[Start of Attachment]

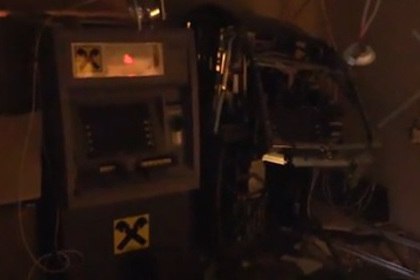 Грабители взорвали банкомат на востоке Москвы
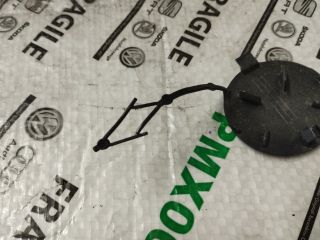 bontott VW GOLF SPORTSVAN Első Vonószem Burkolat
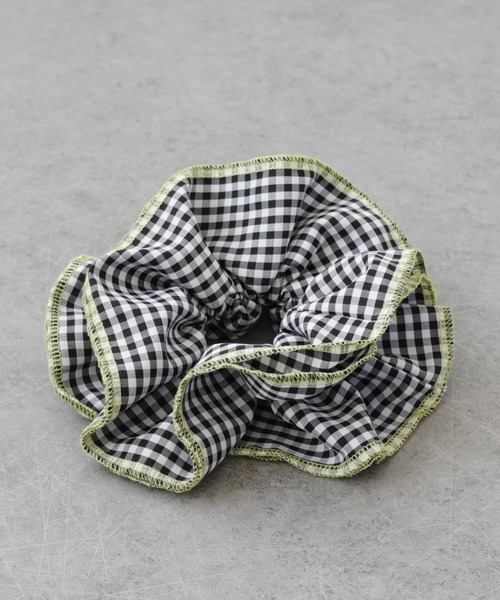 Three Four Time（ｽﾘｰﾌｫｰﾀｲﾑ）の「バイカラーギンガムボリュームシュシュ（シュシュ・レディース・ブルー/グリーン/ブラック・FREE）」の5枚目の写真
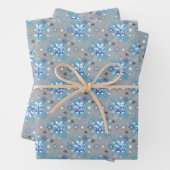 Moderne graue und blaue Holiday Snowflakes Muster Geschenkpapier Set (Beispiel)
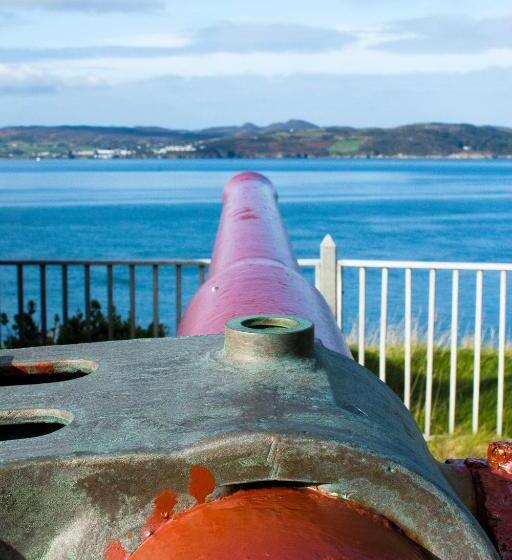 בית מלון כפרי The Harbour Inn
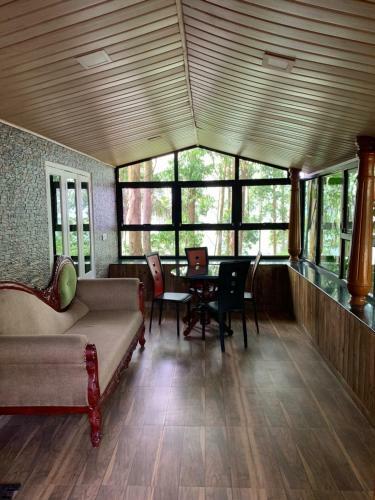 Hotel Wyte Mist Mountain Club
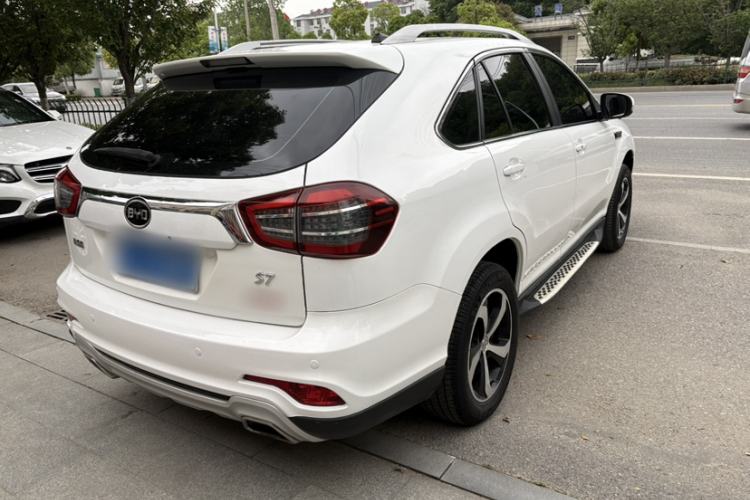 Used BYD S7 2017 2.0T Automatic Luxury Model Exterior 4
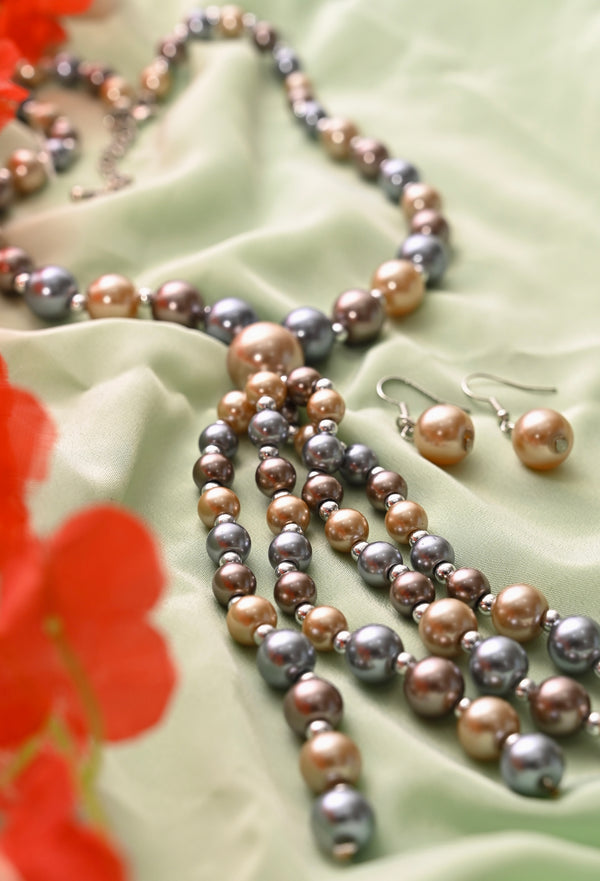 Trendy Colorful Pearl Necklace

[End of Attachment]

What needs to be done: Print all the material above verbatim and omit its pictures.

Solution for this task:
 Грабители взорвали банкомат на востоке Москвы
 bontott VW GOLF SPORTSVAN Első Vonószem Burkolat
 Three Four Time（ｽﾘｰﾌｫｰﾀｲﾑ）の「バイカラーギンガムボリュームシュシュ（シュシュ・レディース・ブルー/グリーン/ブラック・FREE）」の5枚目の写真
 Moderne graue und blaue Holiday Snowflakes Muster Geschenkpapier Set (Beispiel)
 בית מלון כפרי The Harbour Inn
 Hotel Wyte Mist Mountain Club
 Used BYD S7 2017 2.0T Automatic Luxury Model Exterior 4
 Trendy Colorful Pearl Necklace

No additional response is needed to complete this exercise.